The Transition Handbook lays out in quite a bit of detail the suggested steps into making your community a “Transition Initiative” which as they define it is a community-led response to the pressures of climate change, fossil fuel depletion and increasingly, economic contraction, drawing many elements from permaculture. This book is essentially the “official” guidebook for the Transition Initiative and is divided into three parts; first, it outlines why peak oil and climate change mean that smaller, more resilient communities will be necessary in the future. The second part covers the importance of a positive vision; I wholeheartedly agree with this, as too much of the debate focuses on all the negative aspects of things to come – and I am also guilty of this. Finally, part three contains details on how to go about getting the transition started.

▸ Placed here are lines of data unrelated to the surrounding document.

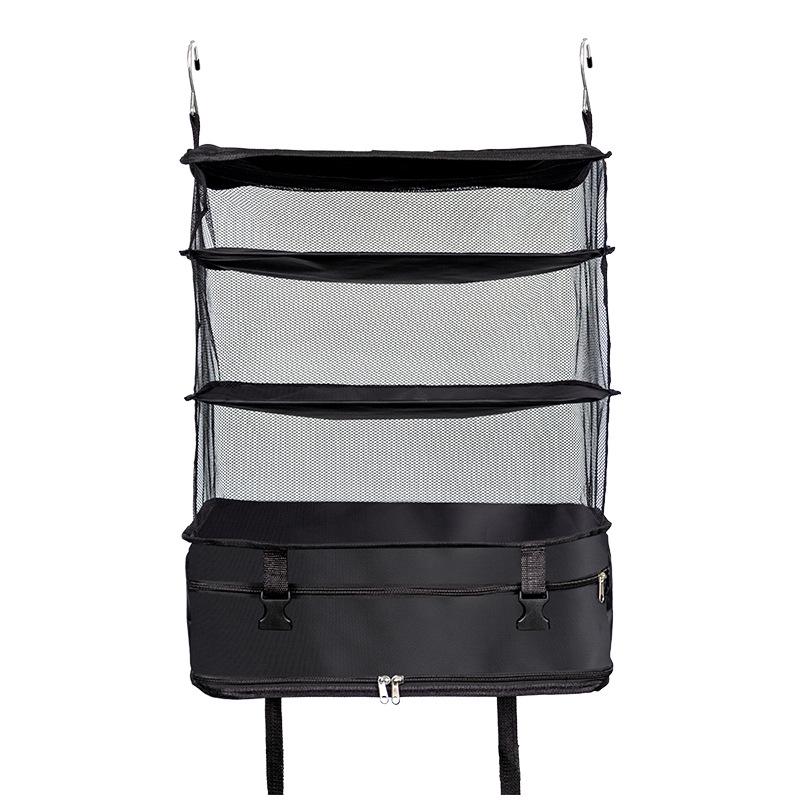 Multifunctional Large-Capacity Foldable Travel Hanging Clothes Organizer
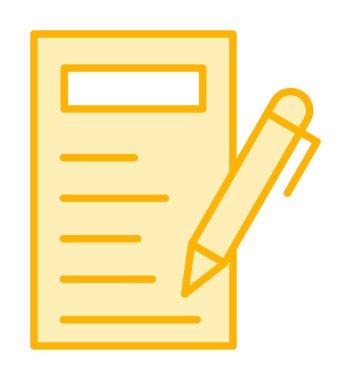 Basit düz Kopyalama simgesi vektör tasarımı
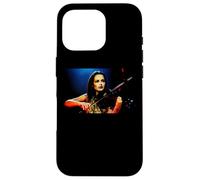 Custodia per iPhone 16 Pro The Corrs Live Sharon Corr Violino In Blue Era 2001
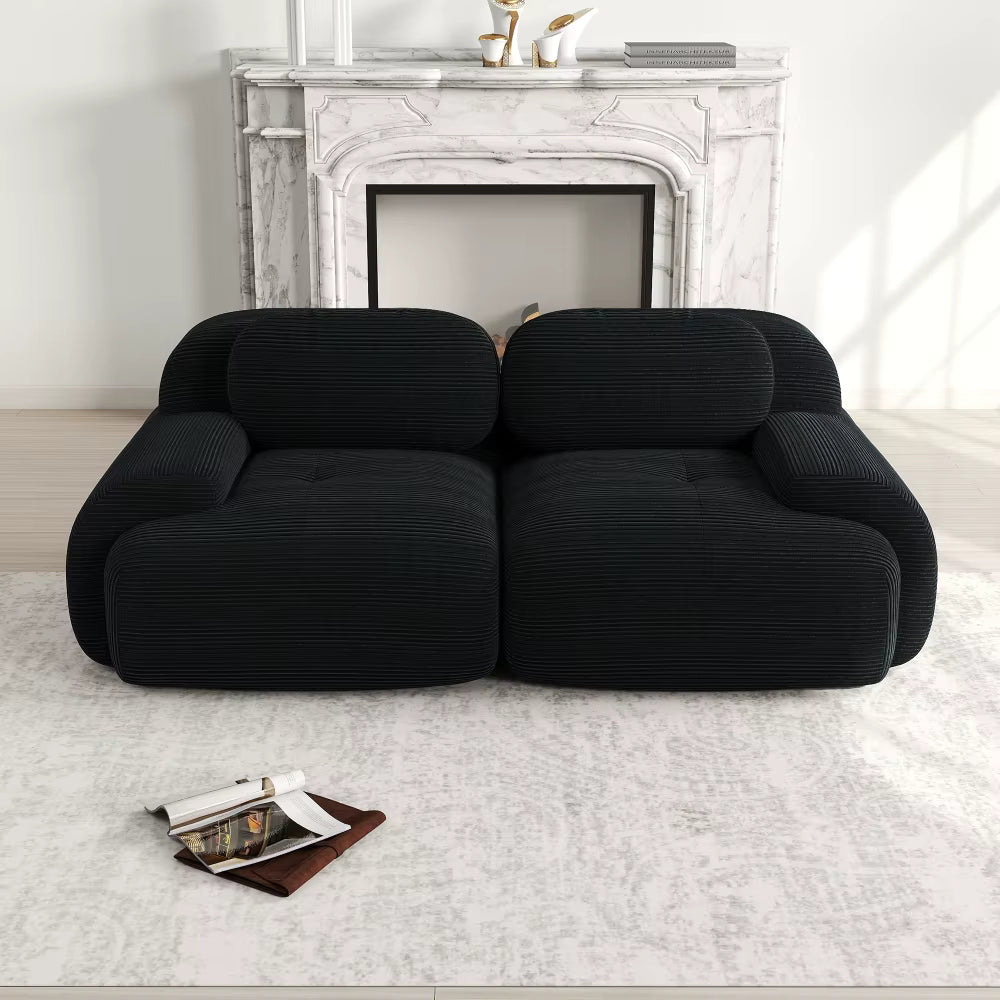 Canapé design compact avec assise confortable – Canapéa Studio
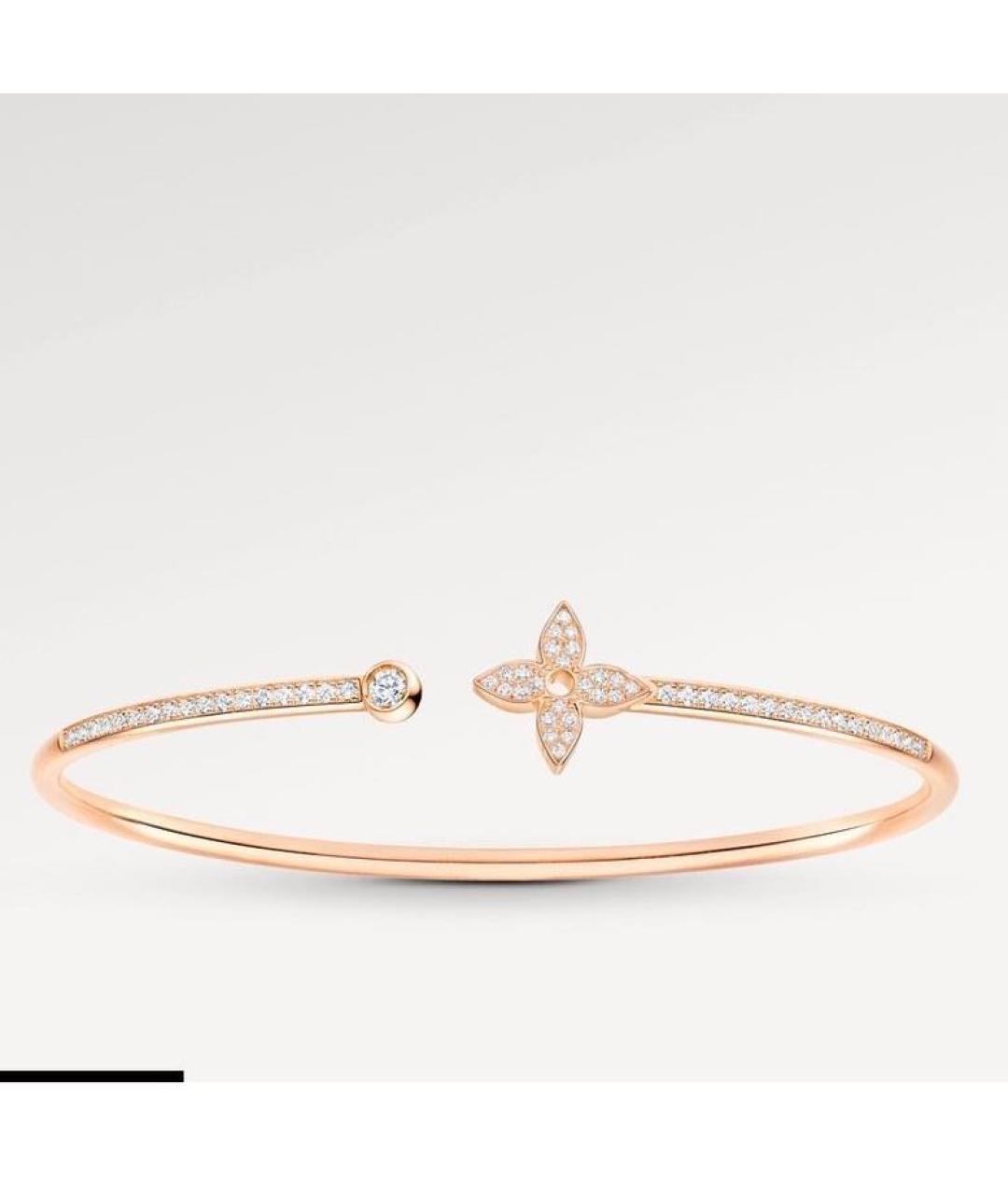 LOUIS VUITTON Розовый браслет из розового золота, фото 6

The book has plenty of practical advice and case studies from some of the hundreds of Transition Initiatives globally. The advice is, however, more focused on the process of getting the transition movement started and organizing it rather than advice on specific issues. This means that it does not tell you how exactly to introduce local money or grow more food locally – there are other resources that go into the details of specific actions. What it does give you is several tools to organizing successful community meetings, dealing with the PR side of the initiative, how to teach people about the Peak Oil concept etc. All very good tools, many of which can also be utilized in other settings.
The Transition Handbook, quite appropriately, ties together the challenges of Peak Oil and Climate Change, but I think it misses one important, connected point. While the highlighted connection is that the actions described also help to limit climate change, it lacks the recognition that one of the greatest benefits in increased resiliency is the fact that a resilient community will also help it adapt to and survive the climate change that is already inevitable. That omission is not as much a fault than a missed positive point; yet another reason to start the transition, not an argument against it. Some other minor shortcomings included a huge amount of quotes in the sidebar, detracting from the main reading experience, as well as some pretty cheesy pictures, including “fake future” article clippings and some overly repetitive pictures & diagrams. The case studies, also, are very UK-focused but that’s simply because the movement started from there and the book is a couple of years old.
These shortcomings are very minor. The Transition Initiative is tremendously important and the Transition Handbook is a great book, and one that in its positive message is likely to be much more effective and better received than the doom-mongering books that do tend to leave a sense of helplessness in their trail. It’s a decidedly hopeful book, one that offers a compelling – and practical – vision of how communities could be put on the correct road to begin to shield them from the most disruptive of challenges.